* **What you have to do**: Please print the entries below exactly, from the line with "婴儿身高体重的标准是什么?" through the line with "Solid 20Y Auction: First", including both of those lines and leaving out all others.

═════ Provided records ═════

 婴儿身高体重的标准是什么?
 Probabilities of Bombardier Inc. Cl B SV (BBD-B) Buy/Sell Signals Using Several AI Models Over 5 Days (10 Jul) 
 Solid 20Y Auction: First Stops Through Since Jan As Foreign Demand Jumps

═════
═════ Provided records ═════

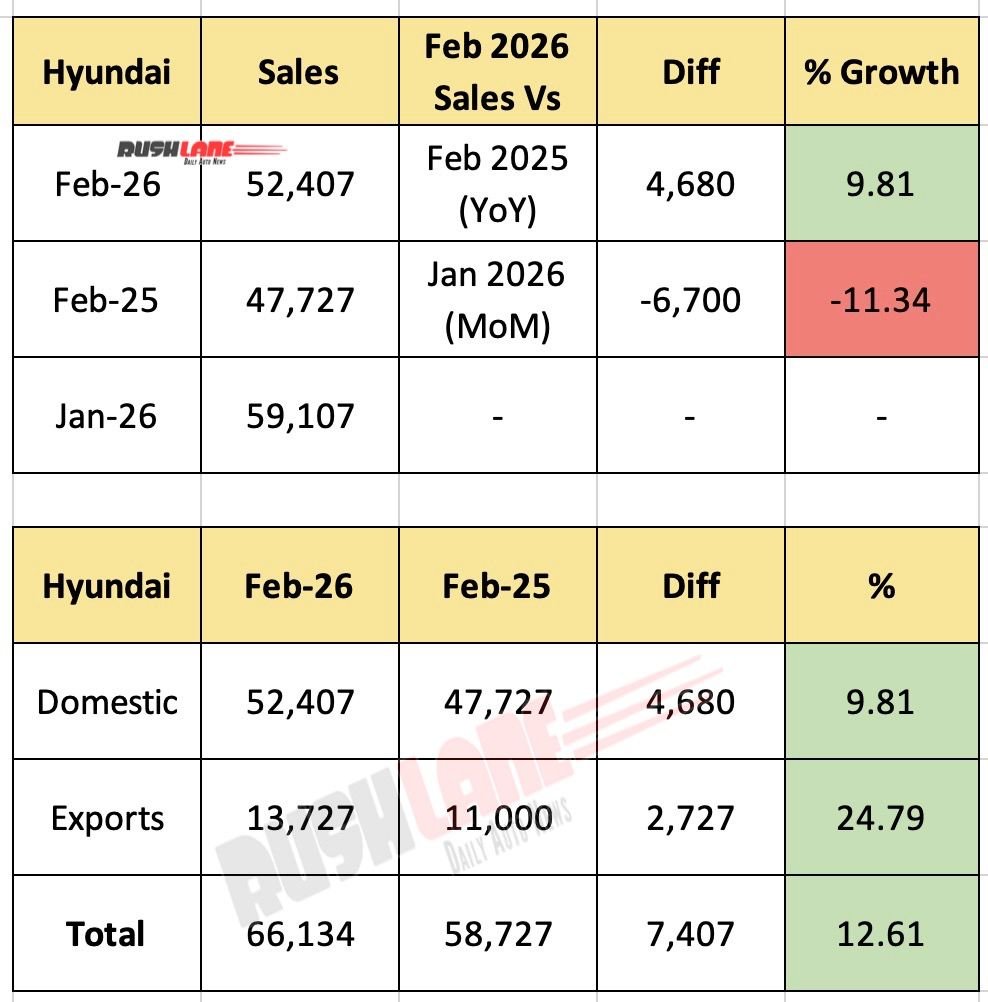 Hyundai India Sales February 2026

═════

* **Answer box**:
 婴儿身高体重的标准是什么?
 Probabilities of Bombardier Inc. Cl B SV (BBD-B) Buy/Sell Signals Using Several AI Models Over 5 Days (10 Jul) 
 Solid 20Y Auction: First Stops Through Since Jan As Foreign Demand Jumps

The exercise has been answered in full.